Several prospective epidemiological studies have shown that there is a clear inverse relationship between serum high-density lipoprotein-cholesterol (HDL-C) concentrations and risk for coronary heart disease (CHD), even at low-density lipoprotein-cholesterol (LDL-C) levels below 70 mg/dL. However, more recent evidence from genetic studies and clinical research has come to challenge the long-standing notion that higher HDL-C levels are always beneficial, while lower HDL-C levels are always detrimental. Thus, it becomes apparent that HDL functionality plays a much more important role in atheroprotection than circulating HDL-C levels. HDL cholesterol efflux capacity (CEC) from macrophages is a key metric of HDL functionality and exhibits a strong inverse association with both carotid intima-media thickness and the likelihood of angiographic coronary artery disease (CAD), independent of the HDL-C level. Thus, extensive research is being conducted to identify new agents with a favorable side effect profile, which would be able to enhance CEC, improve HDL functionality and potentially decrease cardiovascular risk.
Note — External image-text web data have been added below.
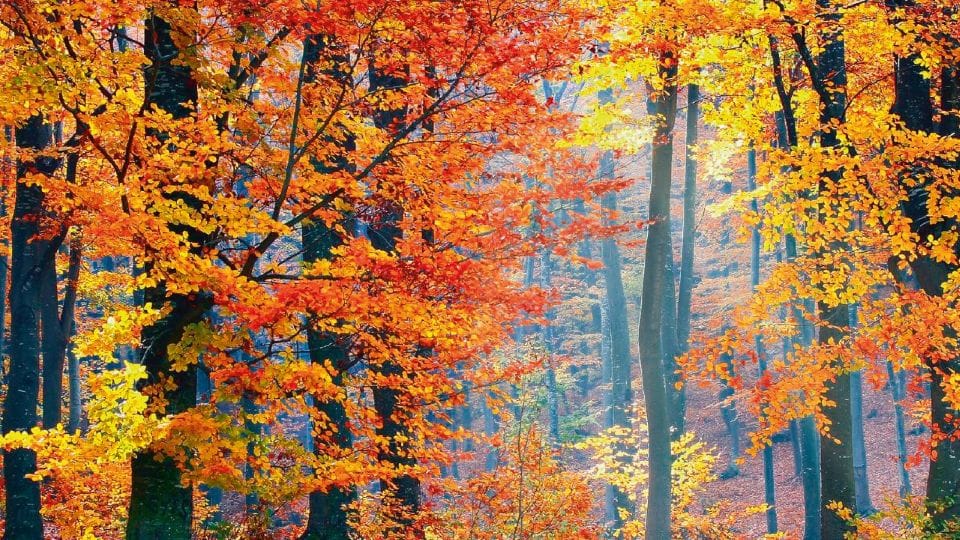 spring season and Climate change no longer part of natural cycle mankind responsible for humanitarian crisis
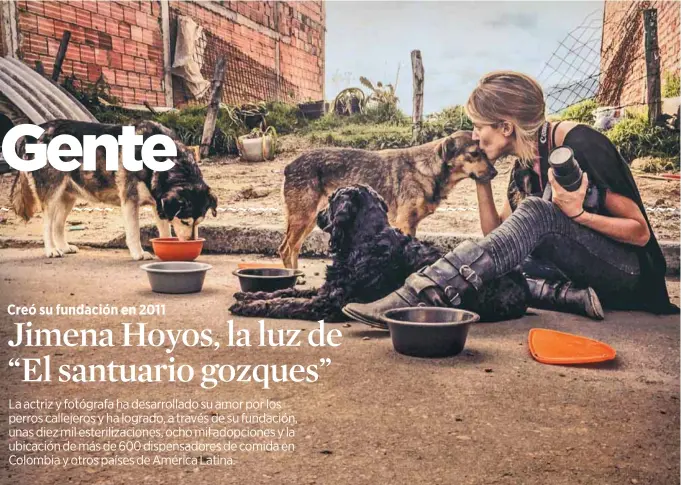  ?? / Cortesía: Gozques.org ?? La actriz y fotógrafa Jimena Hoyos desarrolla­ndo su labor con los perros callejeros.
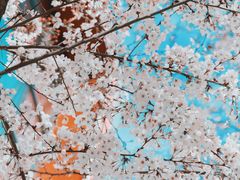 -西安创业咖啡街区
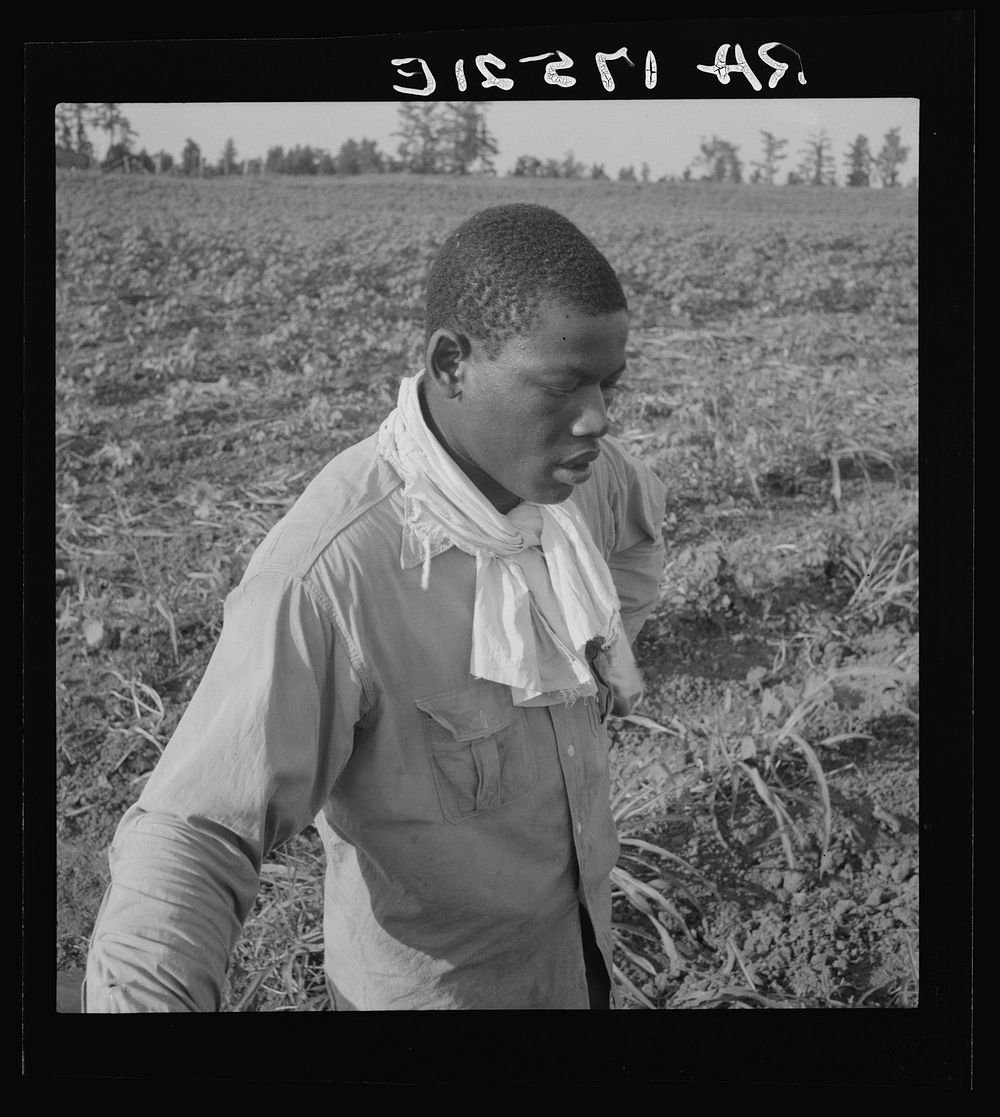 Cotton hoer. Coahoma County, Mississippi. Sourced from the Library of Congress.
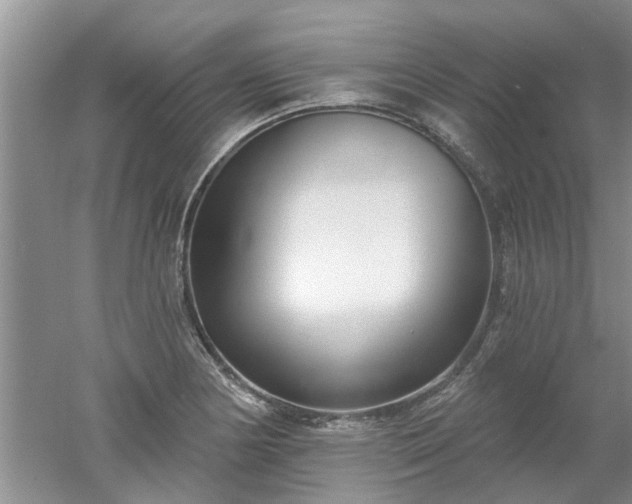 X0000053001178200507151913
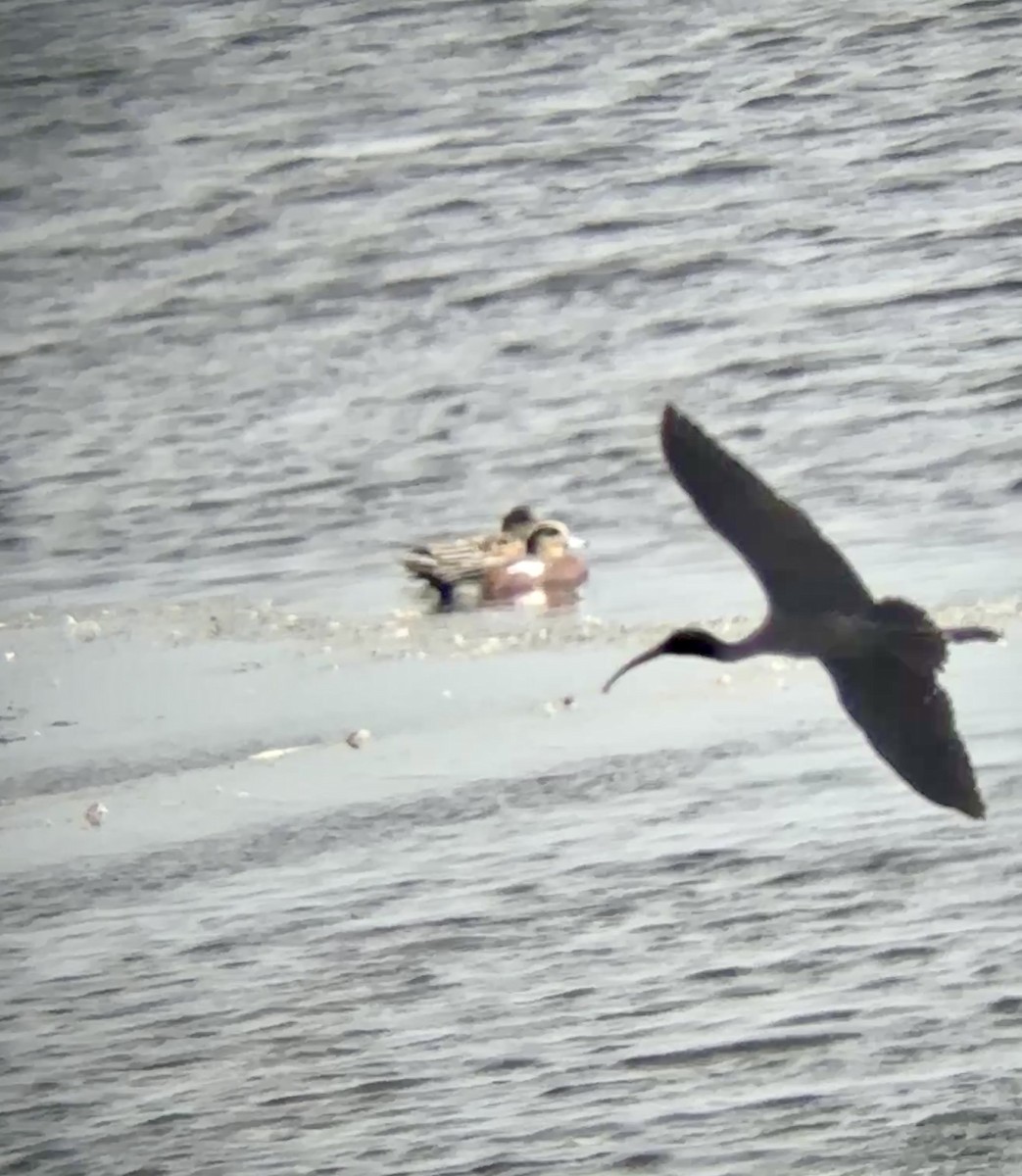 Çeltikçi - ML645763472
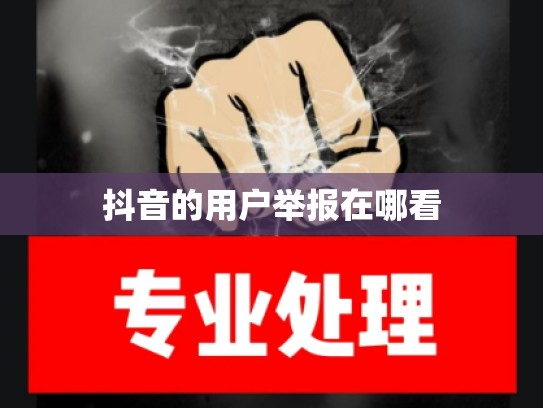 抖音的用户举报在哪看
This review aims to present and discuss the current clinical and scientific evidence pertaining to the significance of HDL functionality over the actual HDL-C concentration in mediating the favorable effects on the cardiovascular system. Thus, we conducted a PubMed search until December 2017 through the English literature using the search terms 'HDL function/functionality', 'HDL properties', 'cardiovascular risk' and 'cholesterol efflux capacity'. We also included references from the articles identified and publications available in the authors' libraries.

Introduction

Cardiovascular disease (CVD) is the leading cause of death worldwide, being responsible for approximately 30% of the annual global mortality [1]. In the United States the disease is highly prevalent and over one-third of the population has CVD [2]. Several prospective epidemiological studies have shown that there is a clear inverse relationship between serum high-density lipoprotein-cholesterol (HDL-C) concentrations and risk for coronary heart disease (CHD), even at low-density lipoprotein-cholesterol (LDL-C) levels below 70 mg/dL [3,4]. Furthermore, it has been estimated that for each increment of 1 mg/dL in HDL-C, the CHD risk is reduced by 3% in women and by 2% in men [5].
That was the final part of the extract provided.